Garbage collection based on reference counting is much slower than tracing garbage collectors (Boost shared_ptr vs other solutions, or you can find links to more scientific comparisons at the Boehm GC's website). In addition, reference counting alone is insatisfactory, because it cannot deal with reference cycles.

C++ programmers tend to think about memory as just a resource, since C++ manages memory and other resources the same way. Garbage collection is special approach that can only manage memory, which is in fact the most often used resource.

This often confuses C++ programmers - they tend to think of finalizers as a poor substitute for C++ destructors, which they are not.
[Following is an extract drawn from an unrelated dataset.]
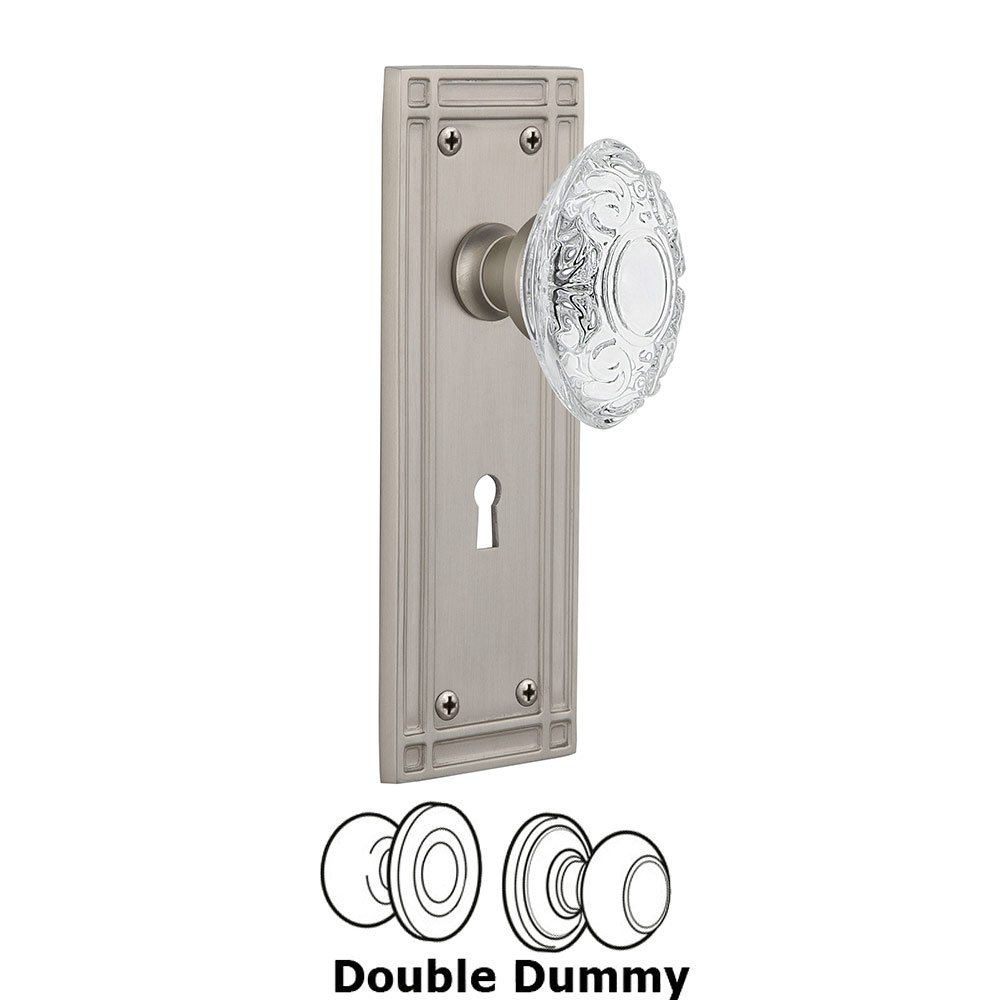 Nostalgic Warehouse Double Dummy - Mission Plate With Keyhole and Crystal Victorian Knob in Satin Nickel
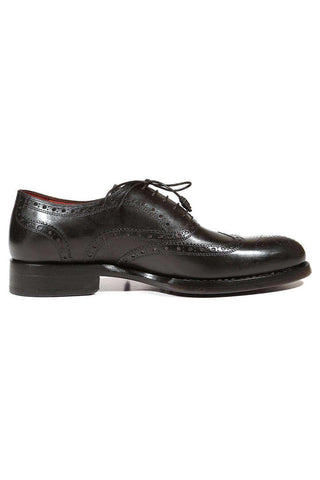 Paul Parkman 027TR Men's Handmade Shoes Navy Calf-Skin Leather Wingtip Oxfords (PM6296)-AmbrogioShoes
To release sparse resources (not memory) in a deterministic manner, use finally blocks.

  • Can you please add a comment briefly stating the reason of the downvote? – Miklós Homolya Dec 10 '13 at 15:05
  • I assume they didn't like the idea C++ developers get confused... I find its the GC devs that think finalisers are an equivalent of C++ destructors, not realising that GCs require manually managing object lifetimes, like C. Have a +1 for pointing that out though. – gbjbaanb Dec 10 '13 at 16:35

A reference in a 64-bit JVM typically use 4-bytes of memory (using compressed oops) This means using a reference count will increase the size of memory per object, but also increase complexity of passing references around. Every time a thread anywhere has to obtain a reference to an object it need to increment and later decrement the counter, something a GC basis system doesn't need to to do.

BTW in C++ a shared pointer has two pointers (each 64-bit) one to the object and one to the reference counter. On many systems this reference counter uses 32-bytes as this is the minimum allocation cost. In total shared pointers replace a 4-byte reference with a 16 bytes shared pointer and a 32 byte reference. That doesn't sound very CPU cache friendly.

The problem with JVM GCs is the stop-the-world collections which are fine for throughput processing but a real pain for low latency systems. One way around this is to use a concurrent collector, the best being Azul's Zing which is pause less (though not pauseless ;)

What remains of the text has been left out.